Handwritten Mathematical Expression Recognition

Dates: Nov. 2022 - Feb. 2023

Context

I chose to do this project as the final project of the “Deep Learning” course that I took during the first semester of my third year (2022-2023).

I have been interested for some time in the task of converting the image of a handwritten mathematical expression to either LaTeX or similar formats. I only recently discovered that it is actually a real field of research. HMER (Handwritten Mathematical Expression Recognition) can be viewed as a variation of OCR (Optical Character recognition). The difference is that while OCR algorithms have to deal with sentences of words (which have a relatively simple structure), mathematical expressions have complex spatial and syntactic structures. Moreover, some symbols may have very different scales (e. g. a square root around a big expression). The difficulty of HMER is mostly because of the syntactic relationships complexity rather than symbol recognition.
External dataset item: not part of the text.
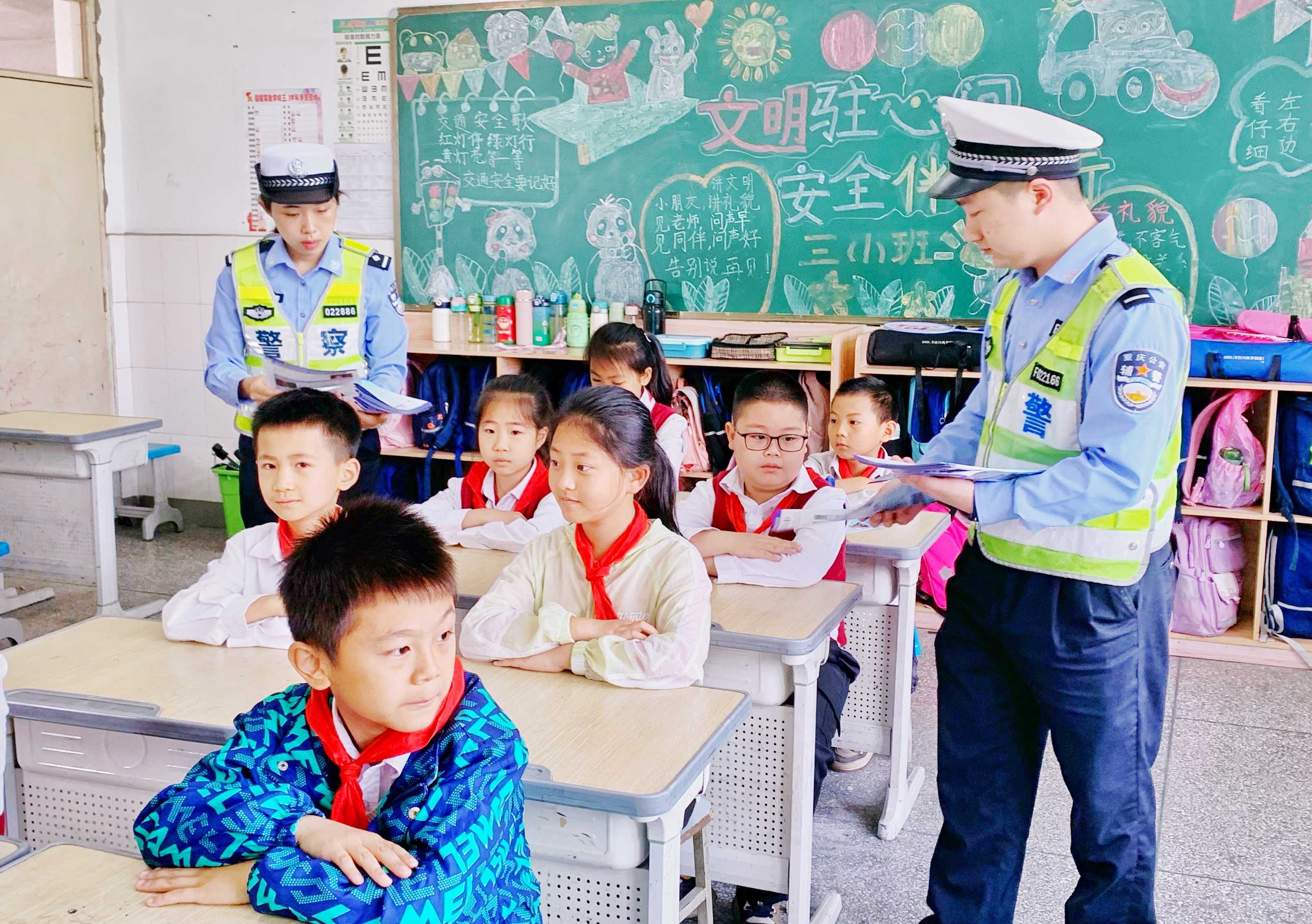 1714289367660336.jpg 4月26日,重庆市万盛经开区交巡警大队、福耀实验学校关工委联合开展“交通安全宣传进校园”活动。交巡警大队黄娟为孩子们带来了一堂别开生面的“交通安全课”。2.jpg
What makes this task interesting is that current state-of-the-art algorithms are far below human performance: SAN [Yuan 2022], a recently published model, makes a mistake in at least 37% of the test images for the CROHME datasets of 2014, 2015 and 2019.

Approach

Although I don’t think I will be able to best the state of the art models, I think it would be very interesting to design my own model architecture based on my lectures and readings. I already started with a vision transformer, but I know there are better architectures for this task.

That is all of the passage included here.